Wolfgang Klaritsch
Der letzte Drechsler der Stadt geht in Pension
Mit Wolfgang Klaritsch geht der letzte Drechsler der Stadt in Pension. Im Interview mit "MeinBezirk.at" spricht der Grazer über das Handwerk und darüber, welche besonderen Arbeiten ihm in Erinnerung bleiben werden.

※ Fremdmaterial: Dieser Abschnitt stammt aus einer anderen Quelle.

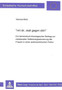 ??mit dir, statt gegen dich?? : Ein feministisch-theologischer Beitrag zur relationalen Selbstvergewisserung der Frauen in einer androzentrischen Kultur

GRAZ. Der intensive Geruch von Holz liegt noch in der Luft. Die Sägespäne, die Wolfgang Klaritsch in seiner Werkstatt normalerweise bis zu den Knien stehen, sind aber bereits säuberlich in großen Plastiksäcken verpackt. "Nach so vielen Jahren fällt mir der Geruch hier gar nicht mehr auf. Aber mal schauen, ob's mir dann doch abgehen wird", sinniert der Drechsler, der sich mit Ende Jänner in den wohlverdienten Ruhestand begibt. Für seine Drechslerei in Gösting hat er keinen Nachfolger gefunden, mit Klaritsch geht der letzte Drechsler von Graz in Pension.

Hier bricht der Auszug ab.